Who invented the mechanical television? Doodle celebrates its 90th anniversary

26 Jan 2016

John Logie Baird in 1925 with his televisor equipment and dummies “James” and “Stooky Bill”, via Wikimedia Commons

It’s been 90 years since the first live TV broadcast was made, with 1926’s device paving the way for revolutionary news coverage, the greatest dissemination of information ever (pre-internet), and the Kardashians.

So, who invented the mechanical television all those years ago?

Daisy Elizabeth Gandy was the world’s first reality TV star, with the business partner of John Logie Baird the first person to appear on live TV ever – that moment has been commemorated by Google with today’s Doodle.

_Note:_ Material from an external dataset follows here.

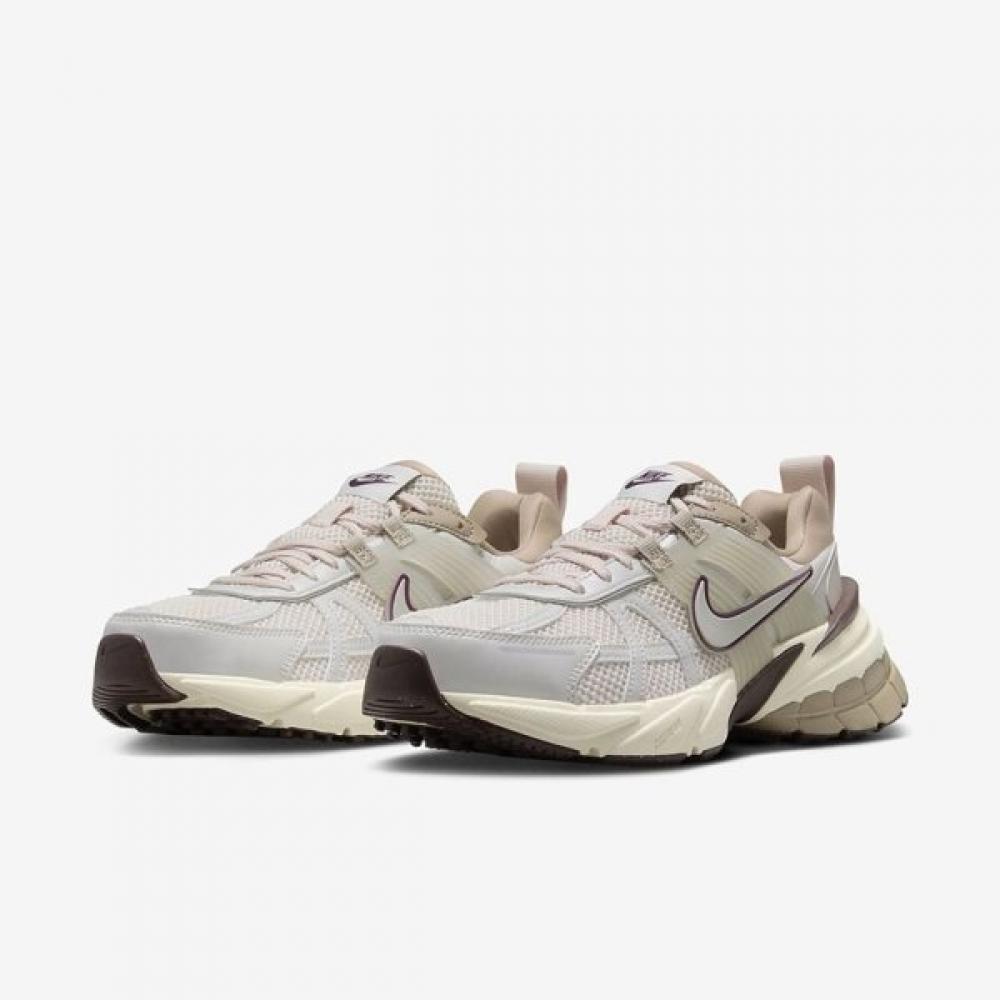 Nike Galleria Nike V2k Run Light Orwood Brown Khaki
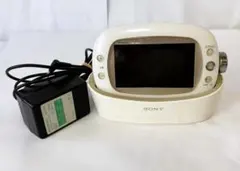 2026年最新】xdv-w600の人気アイテム - メルカリ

Called a ‘televisor’, Baird’s device had been in the works for years as he grappled with converting the idea of radio into something all the more immersive.

Two years previously, he had transmitted an image 10m away, but the quality was dubious and he needed to fine tune his contraption in order to reach the mass appeal he craved.

John Logie Baird? Great Scot!

Born in Scotland, Baird was an avid engineer from an early age, setting up a telephone network on his street so he could chat with his friends.

He worked for Clyde Valley Electrical Power Company before taking it upon himself to revolutionise home entertainment with the first TV.

So, today, 90 years ago, in front of dozens of scientists in an attic of a London house, he gave the world’s first demonstration of true television.

John Logie Baird

A year later, he transmitted footage from London to Glasgow (438 miles), before going one better by linking London up to New York in 1928.

Baird wasn’t the only person working on TV systems, merely the first of a breed, with electronic TVs rendering his mechanical original obsolete within a couple of years .

New TV technology rendering previous models obsolete within a few years? No change there then.

So the next time you see people gormlessly staring at Keeping up with the Kardashians, or muted by rolling news coverage of parochial issues in some far-flung place, remember John Logie Baird and the first TV star, Daisy Elizabeth Gandy.